Claims made this week that Dr Shin’ichi Suzuki, the pioneering founder of the Suzuki Teaching Method, was “a liar and fraud” have been labelled as “scandalous” and “entirely false and misleading”, with many respected advocates of the Suzuki Method leaping to the defence of the respected pedagogue.

Suzuki’s ground-breaking approach, developed in the 1950s, has been utilised by thousands of teachers all over the world, with the British Suzuki Institute estimating that today over a quarter of a million students are being taught using the technique worldwide.

Dr Suzuki teaching a group of children in 1971.

In an article published initially by London’s Telegraph newspaper and then reported on the Sydney Morning Herald website earlier this week, claims by Violin teacher Mark O’Connor asserted that Suzuki lied about certain aspects of his early life including receiving training from notable violin teachers and meeting Albert Einstein. O’Connor also alleged that Suzuki was self-taught and wasn’t a competent performer, insisting that Suzuki “was never allowed a position in any orchestra.”

O’Connor has been making derisive allegations against Suzuki on his blog since 2013, but the articles published by the mainstream media have brought the claims to public attention. However, immediately the accusations about Suzuki’s apparent fraud surfaced, advocates of the Suzuki Method as well as the Australian Suzuki Association moved to quash criticisms of the revered Violin master.

Speaking to the Sydney Morning Herald, Goetz Richter, Associate Professor of Violin and Chair of the String Faculty of the Sydney Conservatorium of Music, branded the alleged fraud as “ridiculous.” Richter also speculated that O’Connor’s motivation for attempting the rubbish Suzuki’s reputation may be connected to O’Connor’s own teaching method, which is in direct competition with Suzuki’s. Karen Carey, one of the Australia’s most celebrated musical educators labelled the suggestion that Suzuki lied as “scandalous”, adding “It’s a disgraceful thing to say.”

Mark O’Connor

Irene Tognetti, mother of Australian Chamber Orchestra Artistic Director Richard Tognetti, who was himself first taught using the Suzuki Method, added her sense of frustration to the growing number of parents, students and Suzuki teachers angry at O’Connor’s attempt to defame Suzuki. “Thousands of students have benefitted from this method,” says Tognetti. “It creates a love of music with sound technique. I can’t think of a better way to enhance general learning.”

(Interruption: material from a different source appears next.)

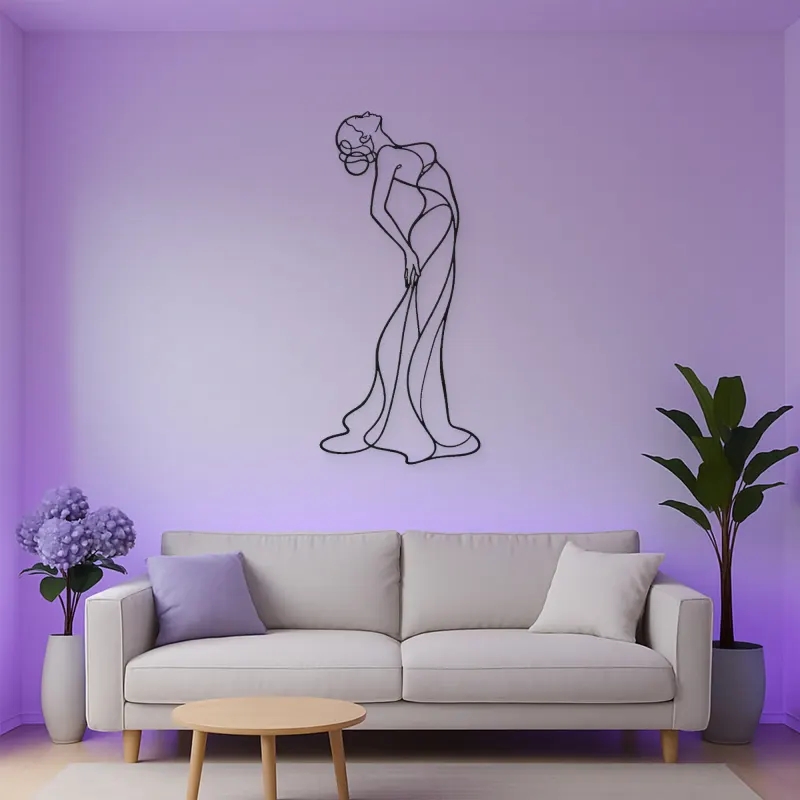 Standing Back Arch Metal Wall Art | Feminine Figure Wall Decor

Sheila Warby, the Chairman of the Pan Pacific Suzuki Association, in a statement published on their website today, expressed her “disappointment” at the credence O’Connor’s claims have received by mainstream media. She also outlined a number of sources that disprove the allegations made against Suzuki. “Mr O’Connor continues to offer his opinions as fact,” Warby says. “It’s disappointing that he does not put his efforts into advocating his own teaching method, instead of spending his time trying to discredit Suzuki.”